Official No: 99701 Port and Year: 18th in Grimsby, 1893 (GY517)
Description: Iron side trawler; coal fired, steam screw. Ketch rigged.
Crew: 9 men (1893-1915)
Built: by Earle's Co., Hull, in 1893. (Yard no. 374)
Tonnage: 151 grt 61 net
Length / breadth / depth (feet): 98.0 / 20.7 / 11.1
Engine: T 3-Cyl; 45 rhp; by builders.
31 Jul 1893: Henry Morris, Fish Dock, Grimsby.
Feb 1897: "D" Line Steam Fishing Co., Grimsby.
Manager: Arthur Jeffs.
Apr 1913: A. Bannister, Fish Docks, Grimsby.
Mar 1914: Charles E. B. L. Curzon, Docks, Milford.
Mar 1915: W. Ellis, Grimsby.
Landed at Milford: 12 Mar 1914 - 30 Mar 1915
Notes: Dec 1914: Lost her rudder outside the Heads in heavy seas, but managed to get back to Milford safely. [See below.]
13 May 1915: Mined 100 miles E by S of Spurn Point; seven hands lost. (Minefield laid on April 17, 1915 by the German light cruisers STRALSUND and STRASSBURG.)

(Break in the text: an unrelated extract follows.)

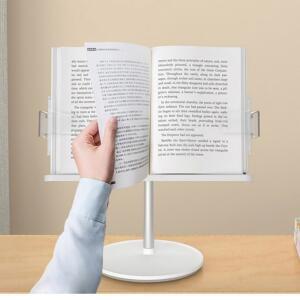 각도조절 넓이조절 길이조절 북스탠드 양손필기 거치대 클립형 태블릿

[ The mine maps are recorded in the German official history series "Der Krieg zur See"; thanks to Michael Lowrey. See also below. ]
Accidents and Incidents
From The Cambrian Daily Leader of Monday, 7th December 1914:
THRILLING EXPERIENCES OF MANY CRAFT OFF MILFORD HAVEN.
MANY WRECKS ROUND COAST
The steam trawler Don was towed in by the Lobelia, both of Milford, with her rudder gone, and it seems that her plight was observed just in the nick of time. Although a jury rudder had been rigged up on the Don, the heavy seas running at the time rendered her unmanageable, and she was perilously near the rocks off St Ann's Head when the Lobelia sighted her.
From The Irish Times of 8th May 1915, p.6:
The skipper and a deckhand, the sole survivors of nine of the crew of the Grimsby trawler Don, were landed at Grimsby yesterday morning, their vessel having been blown up on Thursday morning through picking a mine up in the trawl net.
The seven victims were practically killed outright. The two survivors, who jumped overboard, were picked up whilst swimming in the sea.